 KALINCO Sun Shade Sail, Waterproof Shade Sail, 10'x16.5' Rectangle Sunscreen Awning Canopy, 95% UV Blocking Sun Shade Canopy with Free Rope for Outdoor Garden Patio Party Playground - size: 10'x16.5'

● ● ● ●

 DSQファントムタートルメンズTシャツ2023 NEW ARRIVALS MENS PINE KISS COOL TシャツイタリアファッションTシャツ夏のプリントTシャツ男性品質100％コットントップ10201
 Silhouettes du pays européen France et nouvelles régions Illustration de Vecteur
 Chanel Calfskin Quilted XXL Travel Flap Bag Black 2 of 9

● ● ● ●

- **YOUR INSTRUCTIONS**
Repeat word for word the lines above that run from the line containing "Silhouettes du pays" through the line containing "Chanel Calfskin Quilted", both ends included, and nothing else.

- **WORKED SOLUTION**
 Silhouettes du pays européen France et nouvelles régions Illustration de Vecteur
 Chanel Calfskin Quilted XXL Travel Flap Bag Black 2 of 9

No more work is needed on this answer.